Les théories modernes de l’impôt offrent une grille de lecture riche et diversifiée pour comprendre les enjeux contemporains de la fiscalité. Qu’il s’agisse de financer les politiques publiques, de favoriser la croissance, de réduire les inégalités, ou encore de répondre aux défis de la mondialisation, elles fournissent des outils essentiels pour concevoir des systèmes fiscaux à la fois efficaces, équitables et adaptés aux réalités du XXIᵉ siècle.
Les théories modernes de l’impôt s’articulent autour de plusieurs axes : l’efficacité économique, la justice sociale, la croissance, et la gouvernance.
- Les théories de l’efficience économique s’intéressent à la manière dont l’impôt influence les comportements économiques, la répartition des ressources et la productivité globale (théorie de Laffer, théorie de la taxation optimale, théorie des incitations …) ;
- Les théories de la justice fiscale s’intéressent à la répartition équitable de la charge fiscale en fonction de la capacité de payer des contribuables et des bénéfices qu’ils retirent des services publics (théorie de la capacité contributive, théorie de l’égalitarisme fiscal …) ;
- Les théories de l’impôt et de la croissance économique explorent l’interaction entre la fiscalité et le développement économique (théories néoclassiques, modèles de croissance endogène …) ;
- Les théories de l’impôt comme régulateur social et environnemental (théorie de la fiscalité incitative , fiscalité verte et transition énergétique, fiscalité comportementale …)
- Les théories de la gouvernance et de la redevabilité qui analysent le rôle de l’impôt dans la relation entre l’État et les citoyens (théorie du contrat fiscal, théorie de l’acceptabilité fiscale, théories institutionnelles) ;
- Les théories internationales et fiscalité globale qui abordent les défis posés par les flux transnationaux de capitaux et de revenus (théorie de l’érosion de la base fiscale et transfert des bénéfices (BEPS), fiscalité internationale et compétitivité, taxation des géants du numérique).

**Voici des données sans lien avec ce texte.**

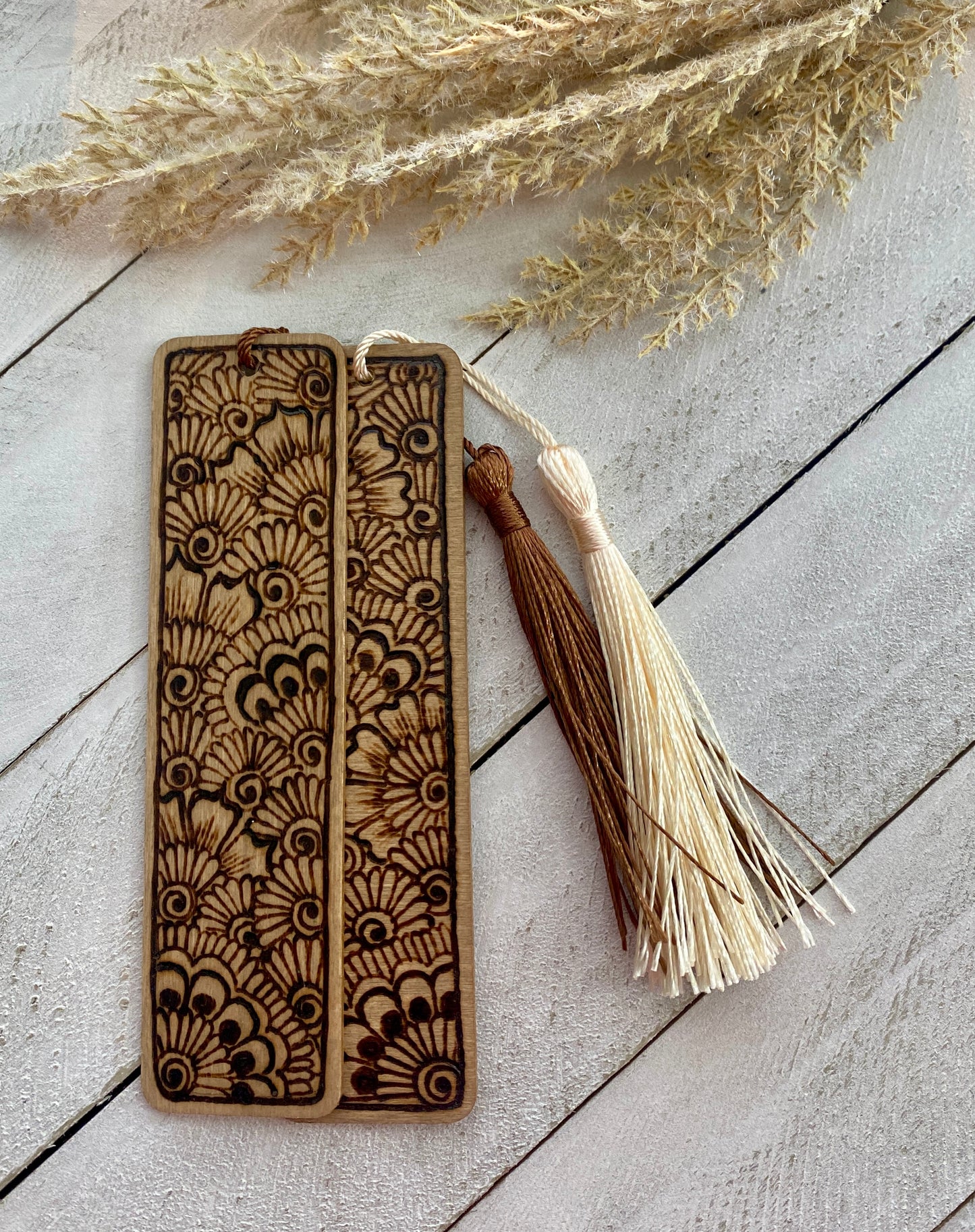 Two full henna bookmarks with cream and brown tassels on a wood surface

De nos jours, l’impôt constitue un levier central pour la gouvernance économique, sociale et environnementale. Elle reflète les priorités d’un État, tout en jouant un rôle déterminant dans la redistribution des richesses, le financement des politiques publiques et la régulation des activités économiques. Cependant, dans un monde en mutation rapide, marqué par des défis globaux, tels que la digitalisation, la compétitivité internationale, et les impératifs de durabilité, les systèmes fiscaux doivent évoluer pour rester adaptés, justes et efficaces.

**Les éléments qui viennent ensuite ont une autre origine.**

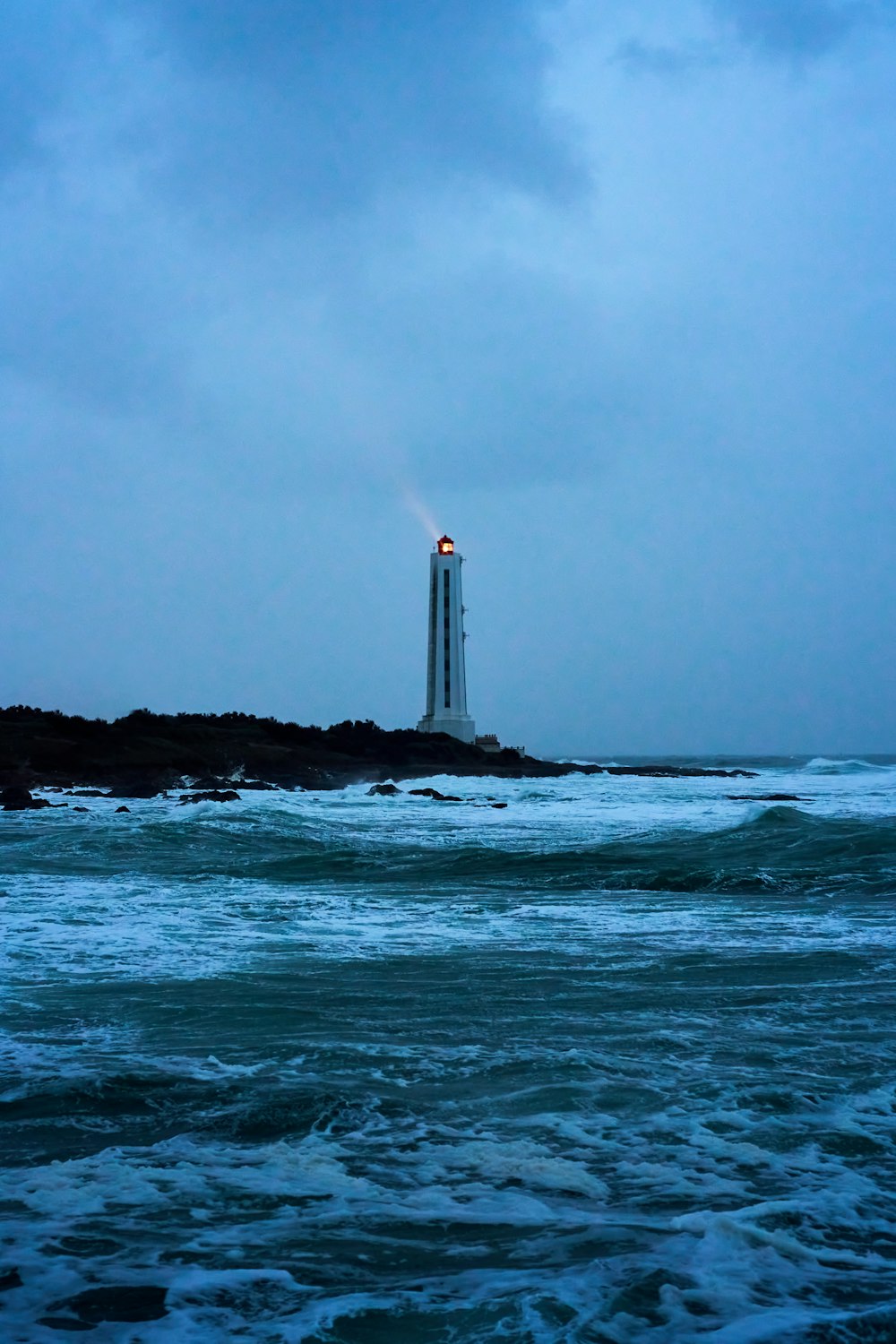 a light house sitting on top of a small island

Dans les économies modernes, l’impôt est perçu, au-delà de sa fonction première de financement des dépenses publiques, comme un puissant outil de redistribution des richesses, d’incitation économique et de régulation sociale. Les travaux de Keynes ont mis en lumière son rôle contra-cyclique, tandis que les analyses de Laffer soulignent les effets pervers d’une fiscalité excessive sur la croissance et la compétitivité économique. De plus, les modèles contemporains insistent sur l’importance d’un système fiscal équitable et transparent pour renforcer la confiance entre les administrations fiscales et les contribuables.

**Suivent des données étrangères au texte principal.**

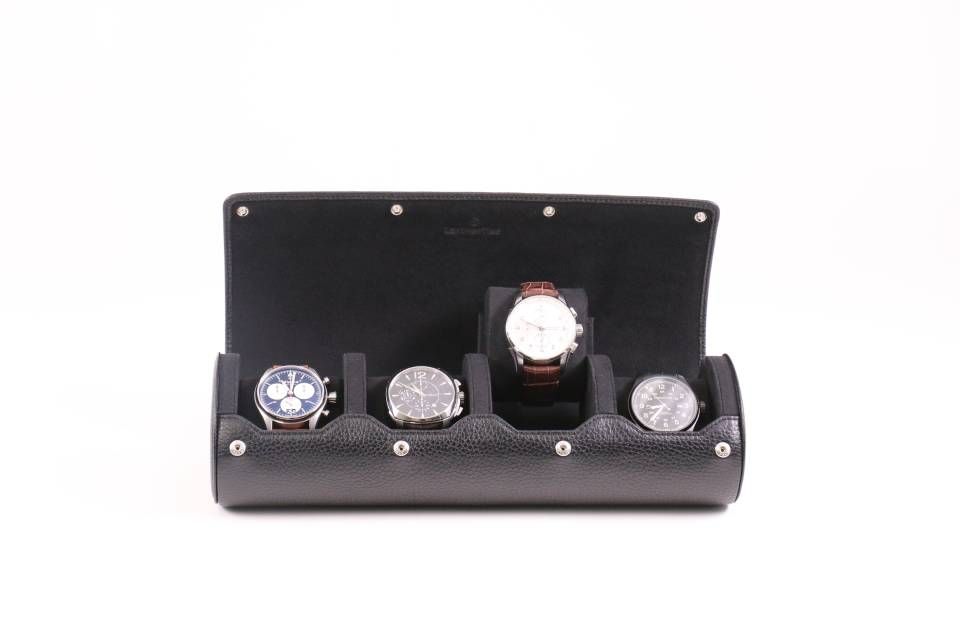 Un boîtier de montre en cuir noir avec quatre montres à l'intérieur.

Cependant, malgré leurs avancées, les systèmes fiscaux modernes sont confrontés à de nouveaux défis :
‑ Globalisation et compétitivité : Dans un contexte de concurrence fiscale internationale, les États doivent trouver un équilibre entre attirer les investissements et préserver leurs recettes publiques.
‑ Numérisation et automatisation : L’introduction des technologies numériques transforme les systèmes fiscaux, améliorant leur efficacité tout en posant des questions sécuritaires et éthiques.
‑ Fiscalité et durabilité : L’impôt devient un outil clé pour orienter les comportements économiques et promouvoir un développement durable, notamment à travers les taxes environnementales.
‑ Redevabilité et relation administration-contribuable : La montée des attentes citoyennes en matière de transparence et de justice fiscale oblige les administrations à revoir leurs modes de gouvernance et leurs interactions avec les contribuables.
Ce colloque, sous le thème « L’impôt entre mutations du système et logiques des acteurs », se veut une plateforme d’échange entre chercheurs, experts et décideurs pour discuter des grandes problématiques fiscales au Maroc et dans le monde.
En abordant les mutations du système fiscal et les logiques des acteurs, il propose d’explorer ces enjeux sous un angle théorique et pratique. Il s’agit de rassembler experts et professionnels pour examiner les défis et opportunités liés à la transformation des systèmes fiscaux, en s’appuyant sur l’analyse des théories économiques et sur les pratiques de terrain.
Ainsi, les discussions s’articuleront notamment autour des questions suivantes :
‑ Comment réactiver le consentement à l’impôt et renforcer la confiance entre l’administration et les contribuables et renforcer l’adhésion des citoyens à l’impôt dans un contexte de défiance croissante ?
‑ Quels sont les nouveaux défis des systèmes fiscaux, notamment en termes de numérisation, de pression fiscale et de compétitivité ?
‑ Quels leviers permettent de moderniser les systèmes fiscaux pour répondre aux impératifs de compétitivité ?
‑ Comment aligner les politiques fiscales sur les objectifs de développement durable et de justice sociale ?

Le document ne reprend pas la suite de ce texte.